Fans of the Houston Astros baseball team value loyalty, literally. The replica shirt features the motto “We Bleed Orange.”
It’s a kind of obsession that is born within them. A lifelong passion for your favorite sports team. This level of respect is something that will never be accorded to the USA Football side.
Manager Mauricio Pochettino may feel like he is in control after leading his team to the World Cup finals on home soil. But he will never be the king of American sports. Even if he continues to win football’s biggest awards.
I could barely find a USA replica shirt here in Daikin Park. There’s no FIFA branding, no sponsor logos, no nods to the so-called Greatest Show on Lawn.
It may be the same as “soccer” being played on the moon, under the roof of another world. A sea of orange covered three sides of the indoor arena.
More spectators wore Dutch replica tops than their American equivalents. The Dutch were in the city to play Sweden the next morning at Houston Stadium.
Some of them wore custom T-shirts with the message: “We couldn’t afford tickets to the World Cup, so we’re here to watch the Houston Astros instead.”
That was a lie. Of course they had tickets. The Dutch blended in with the believers.
But it would be pointless to start a conversation about anything related to the World Cup.
Even the owner, who sells hot dogs, pizza and “astronauts” (nachos made with charred beef brisket or pork), didn’t even know his national soccer team was in action.
At the time, it felt pointless to ask him if he had ever been to the Fan Zone in Houston to watch the win against Australia on the big screen.
The closest cashier Coretta Smith is to football is working her second job at Houston Stadium on game days. There was only one show in town.
Forget Christian Pulisic. The sports icon in these parts is hitter Jose Altuve.
Altuve is the Astro’s highest-paid star player at $250,000 a season. The equivalent for the US team is Pulisic, who earns $6.50 at AC Milan.
Altuve hit a home run and helped turn the game in his team’s favor. Baseball is the be all and end all.

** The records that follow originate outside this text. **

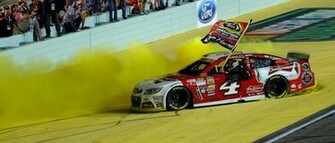 Kevin Harvick S Quest At Winning A Second Straight Championship Is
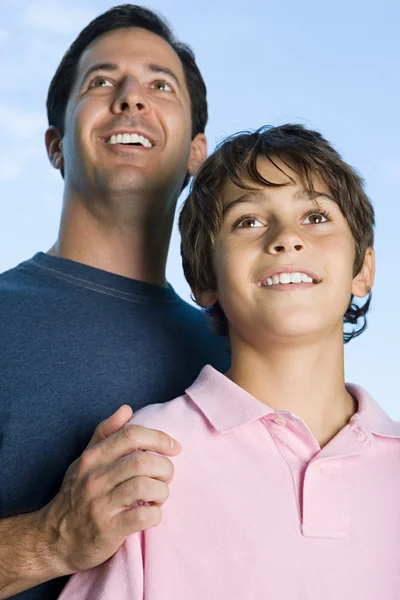 Pai e filho sorrindo retrato — Fotografia de Stock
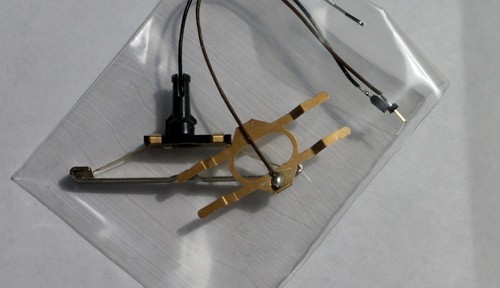 New! Marklin 73404 Asymmetrical Pick up Shoe Slider w/ Ground Spring for coaches - Picture 3 of 4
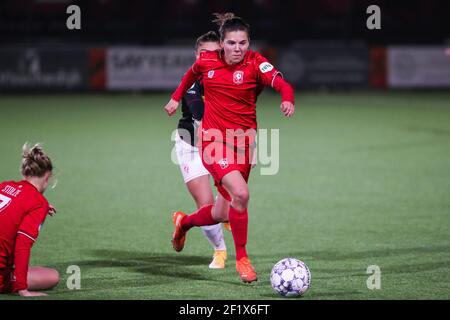 ENSCHEDE, NIEDERLANDE - MÄRZ 9: Rieke Dieckmann vom FC Twente beim Spiel Pure Energie Eredivisie Vrouwen zwischen FC Twente und Excelsior in Spor Stockfoto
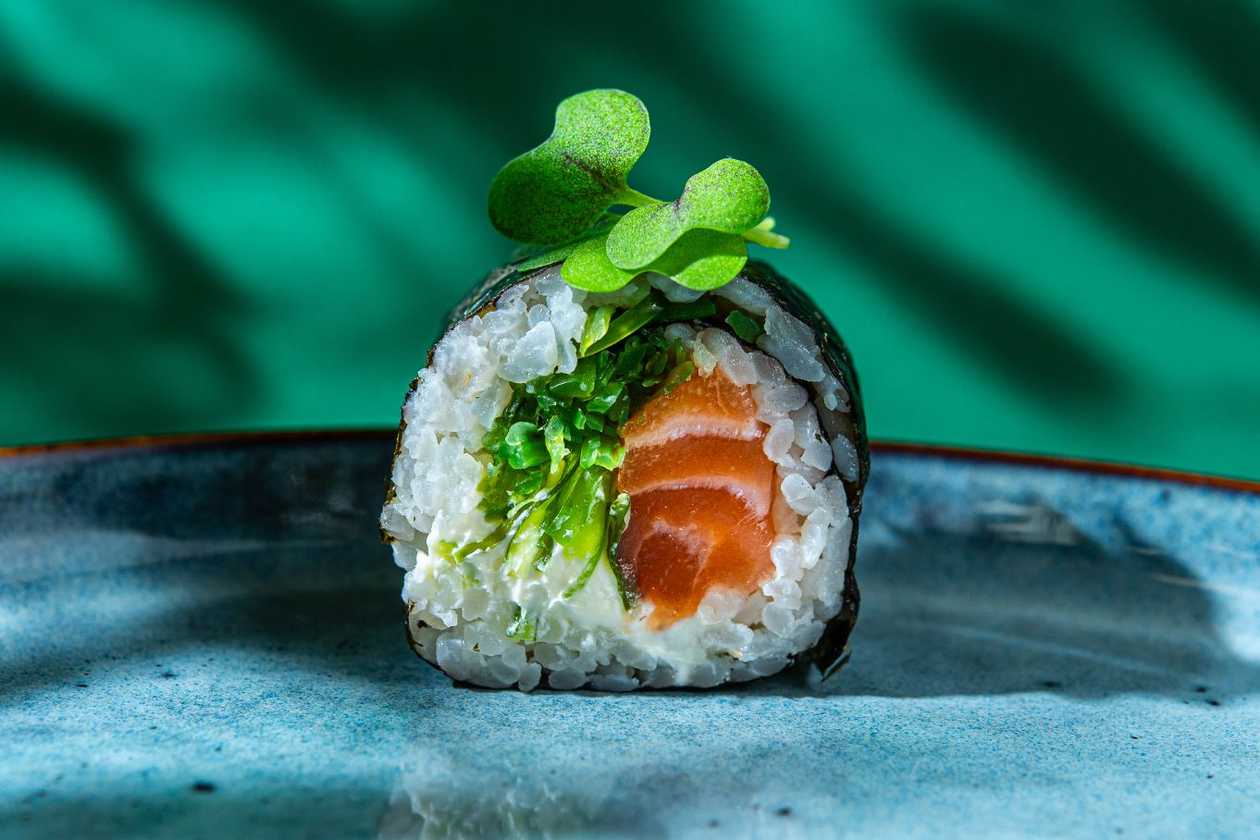 30. Лосось, сливочный сыр, вакаме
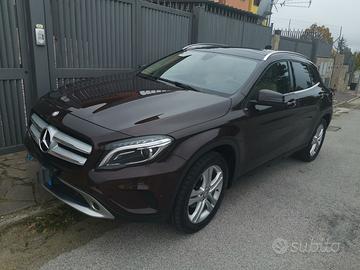Mercedes GLA 200d 4matic 12/2015 142milakm
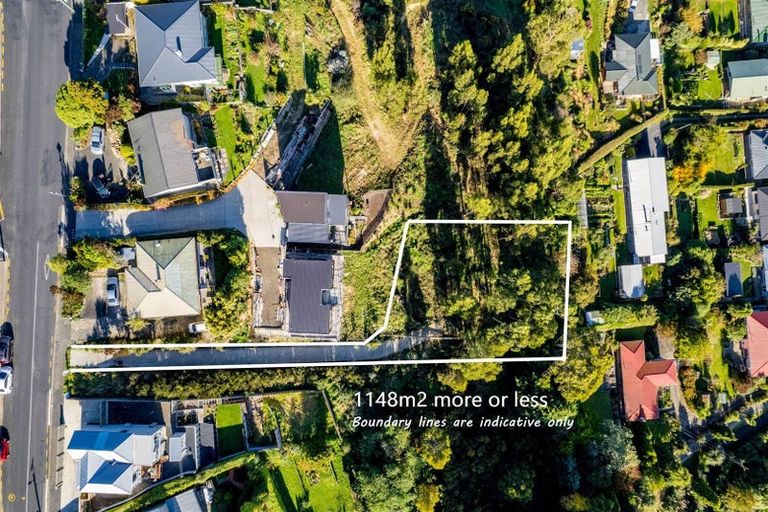 Photo of property in 220 Kenmure Road, Kenmure, Dunedin, 9011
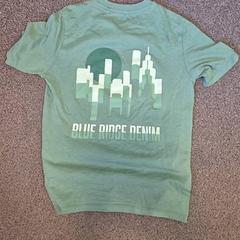Tシャツ Blue ridge demin がiLostで Burgers' Zoo によって報告されました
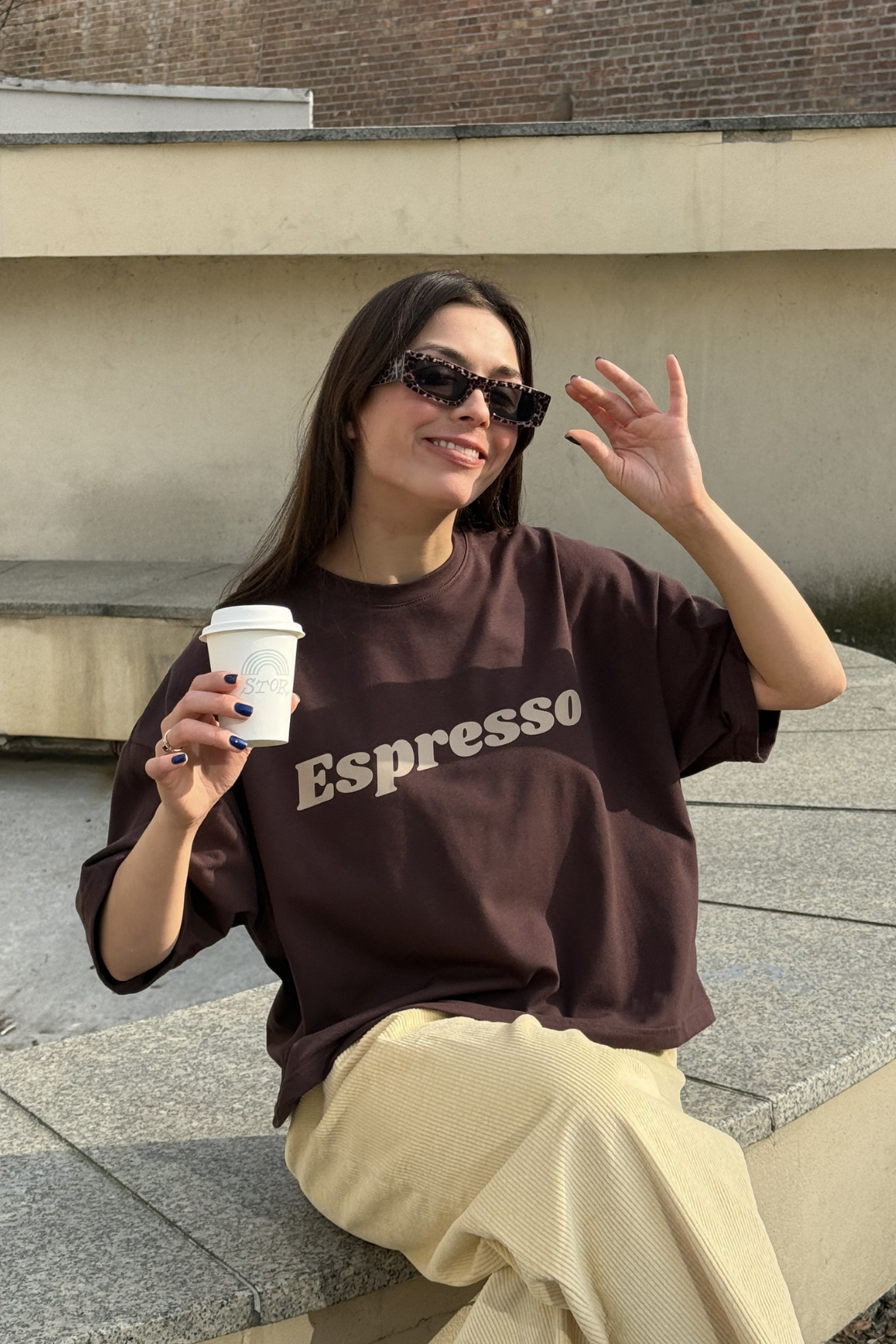 T-SHIRT ESPRESSO BOXY BRĄZOWY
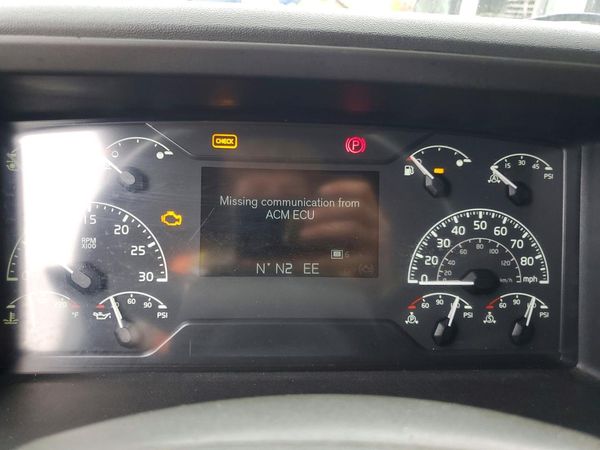2022 VOLVO VNL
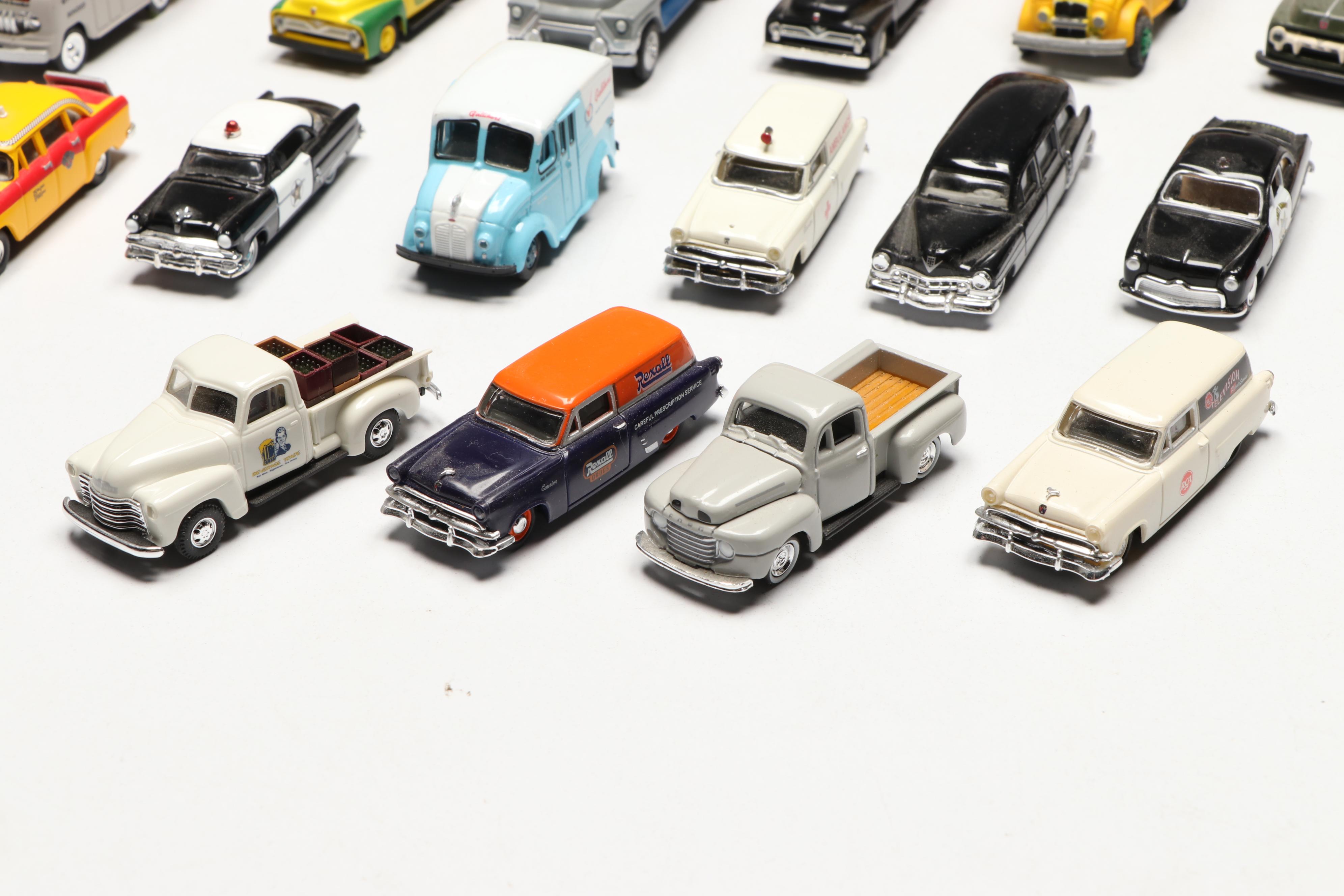 Marx Tin Lithograph House with Busch and Other Train Prop Cars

So imagine the shock and horror when a small group of young men showed up to the football bat in the bottom of the fourth inning.
Behind the stands they jumped up and down, waving their shirts over their heads and shouting “USA, USA.” Try to change the story. The turn of events was so dramatic and unexpected that the regulars looked as if they had seen a group of ghosts.
It was a complete culture clash. The leader of the ring, a man named Steve, knew he was hiding in the middle of nowhere, but he still had fun.
“I love soccer, but baseball will always dominate,” he said.
The Astros have won the World Series twice in the past nine years.
This is a sports facility that’s as woven into Houston’s culture as dance-offs, kiss cams, muscle flex cams, and free chicken wings.
And there’s nothing any other sport can do about it, World Cup or not.